How does the shape of the coastline affect the focusing and divergence of wave energy (i.e. headlands vs. bays)?  Recall refraction.

Longshore Transport- what are the factors that cause sand to migrate down current? (recall the competing forces that affect the landward trajectory and the seaward trajectory of a particle being moved down the shoreline).

Rip currents- What are they and how do you get back to shore if you get stuck in one?

Coastal landforms: Depositional (due to beach drift)

Coastline protection- groins, jetties, sea walls, breakwaters, beach nourishment

West Coast and East Coast problems with coastline protection (e.g. tectonics, sediment starvation, barrier island migration, subsidence)

Chapter 6: Glaciers, Deserts and Wind.  

Glacier deposits- moraines

Why “U” shaped valleys?

When did the last ice age end?

Icebergs- what’s below the water can hurt you (see Titanic).
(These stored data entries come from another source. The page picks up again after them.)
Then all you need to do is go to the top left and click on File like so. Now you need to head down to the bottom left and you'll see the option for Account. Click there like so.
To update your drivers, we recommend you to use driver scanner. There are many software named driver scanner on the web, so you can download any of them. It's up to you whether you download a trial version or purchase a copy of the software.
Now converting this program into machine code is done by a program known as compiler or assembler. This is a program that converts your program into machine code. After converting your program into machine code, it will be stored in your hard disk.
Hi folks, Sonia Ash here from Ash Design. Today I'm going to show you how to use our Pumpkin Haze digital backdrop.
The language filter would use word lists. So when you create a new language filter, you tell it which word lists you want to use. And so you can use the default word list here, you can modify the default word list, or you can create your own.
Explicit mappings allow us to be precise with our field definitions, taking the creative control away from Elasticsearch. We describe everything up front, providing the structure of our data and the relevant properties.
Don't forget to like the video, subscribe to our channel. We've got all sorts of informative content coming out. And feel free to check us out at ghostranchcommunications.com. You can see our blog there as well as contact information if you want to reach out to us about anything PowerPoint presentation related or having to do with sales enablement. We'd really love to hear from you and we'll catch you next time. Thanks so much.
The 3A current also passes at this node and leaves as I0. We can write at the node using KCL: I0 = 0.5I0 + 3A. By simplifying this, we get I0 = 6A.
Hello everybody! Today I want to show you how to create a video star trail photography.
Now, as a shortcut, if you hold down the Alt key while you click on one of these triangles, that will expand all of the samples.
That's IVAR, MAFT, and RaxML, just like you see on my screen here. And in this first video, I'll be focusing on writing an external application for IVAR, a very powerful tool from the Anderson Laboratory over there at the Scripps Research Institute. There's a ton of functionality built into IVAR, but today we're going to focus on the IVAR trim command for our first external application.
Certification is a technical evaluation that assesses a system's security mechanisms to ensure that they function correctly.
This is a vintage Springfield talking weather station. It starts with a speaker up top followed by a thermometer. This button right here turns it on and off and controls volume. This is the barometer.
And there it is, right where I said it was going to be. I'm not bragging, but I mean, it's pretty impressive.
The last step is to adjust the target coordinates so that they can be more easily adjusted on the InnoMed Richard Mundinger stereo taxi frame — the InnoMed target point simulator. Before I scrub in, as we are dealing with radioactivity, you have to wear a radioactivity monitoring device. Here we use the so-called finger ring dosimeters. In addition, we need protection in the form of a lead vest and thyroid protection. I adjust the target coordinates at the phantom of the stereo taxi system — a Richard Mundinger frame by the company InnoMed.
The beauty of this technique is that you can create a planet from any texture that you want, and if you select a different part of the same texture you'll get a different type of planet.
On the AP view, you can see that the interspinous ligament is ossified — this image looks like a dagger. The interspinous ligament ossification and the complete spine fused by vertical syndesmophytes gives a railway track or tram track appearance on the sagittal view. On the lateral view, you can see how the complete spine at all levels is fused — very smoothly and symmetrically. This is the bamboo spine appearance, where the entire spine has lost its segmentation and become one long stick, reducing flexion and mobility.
Glaciers:  What would happen to sea level if they all melted?

Moraines- know the different kinds, and where ones left over after the last ice age can be found

Loess- wind-blown rock “flour” from the melting glacier.  Know how this relates to the Midwest and the Dust Bowl of the 1930’s.

Deserts- desert pavement, mechanical vs. chemical weathering here?

Wind-blown deposits- well sorted, dunes and their general shape.

Chapter 20: Modern Climate and Ancient Climate

Is Earth’s climate today unusual when compared with most of Earth History?

I may post some more stuff for this chapter after I give the lecture.  Let’s see how for I get in lecture.